I feel like a prisoner.
Maybe its because I’ve been binge watching Prison Break on Netflix but my 14 month old son is that asshole guard Bellick. Really, my 14 month old is not an asshole. He is sweet and adorable and smiles and laughs at me all day and I wouldn’t smile nearly as much if I didn’t have all of his joy to reflect. (I just had to take him away from digging in the trash – seriously his favorite thing to do.) But the mofo is stuck on me like glue…maybe Bellick is the wrong comparison but it is because of this guy that I cannot do a damn thing in peace or privacy, so it kind of feels like prison.
The other 3 kids could be inmates, guards, wardens, corrupt members of the legal system….it doesn’t really matter who you analogize them to be, it feels like they are all ruining my life. No. I don’t mean that. The guilt I feel for thinking, saying or typing that is immeasurable – only I truly can’t even shit alone, so it kind of feels like I’m in prison (without all the impending doom I imagine).
- I don’t get to set my own schedule. Wake up time is when the youngest wakes up. His demands of, “Up! I wanna walk!” (which sounds like “ehhh!!!! onna awlk!!!!”) incite me into action before he’ll alert the other inmates (children) or warden (husband) with his insubordination.
- The food sucks! Some might say that at least I get to pick what I eat, but the reality is: I can spend time making something I like (whilst tripping over a toddler and fending off a hundred other unwanted advances), only for the kids to refuse to eat it and demand 87 other things. By the time I get any leftovers, they are cold, unappealing and I’m too damn tired to eat anyway. Or they actually like the food and clear their plates, requesting seconds before I have a chance to sit down, and when I finally find the time to make myself a plate, the pan is empty. My calories mostly come from the leftovers I scrape from the high chair tray and wine (where there is no doubt, my life is full of a beautiful freedom of choice between dry reds, fruity whites, bubbly mixes, and everything in between!).
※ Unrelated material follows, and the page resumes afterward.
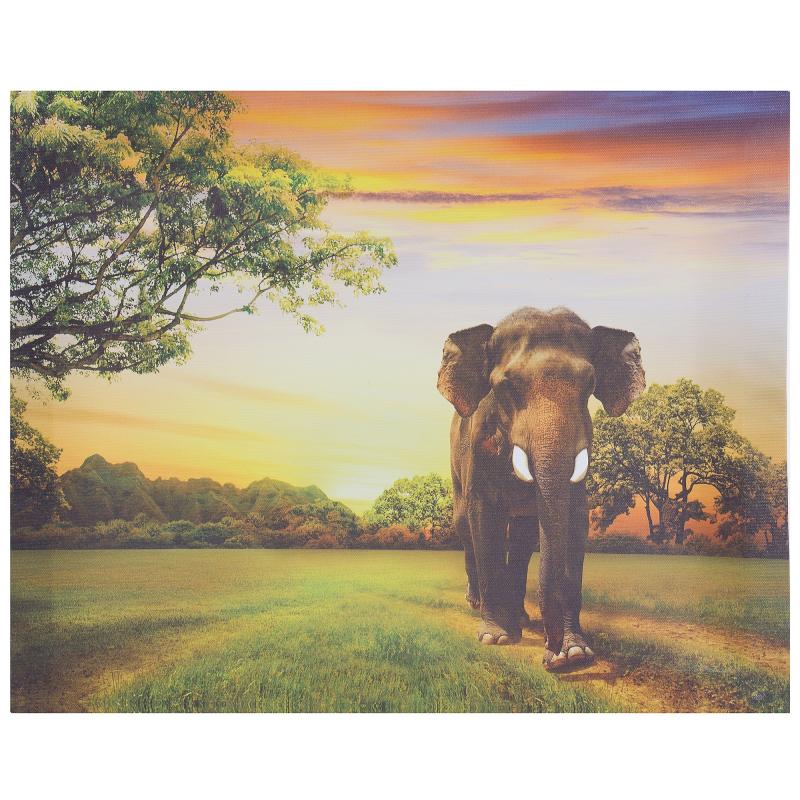 Картина на холсте «Слон дерево» 50х40 см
- Yard time is mandatory. Like it or not, we are going outside. Just listen to the toddler yell “Ow-ide!!!” (“outside”) as he deftly flips the deadbolt and sprints across the yard (barefoot and wearing nothing but a diaper nonetheless!). Unfortunately, these outings don’t follow a routine schedule (see #1) and frequently occur when I am on the phone, the toilet, or otherwise indisposed.
- I’m subject to unannounced searches. The things I ‘hide’ in my nightstand drawer do not remain hidden. If i take the time to brush my teeth, a minor will take the time to rifle through my drawers and that is an awkward conversation! Likewise, that candy bar I stealthily purchased at the grocery store and swiftly stowed away inside my purse was promptly discovered when I was desperately trying to distract my screaming child in the doctor’s waiting room.
- Don’t drop the soap! This might not be as painful in my life as it is in prison, but it is probably equally unpleasant. While bending over to retrieve dropped soap in prison can lead to a violation, dropping the soap with a toddler in tow will lead to said toddler man-handling said soap. Anyone who has ever Googled home remedies for constipation knows soap = defecation. This is a lose-lose situation either way!
I’m only 10 years into a life sentence, and I gotta say, solitary confinement doesn’t sound so bad!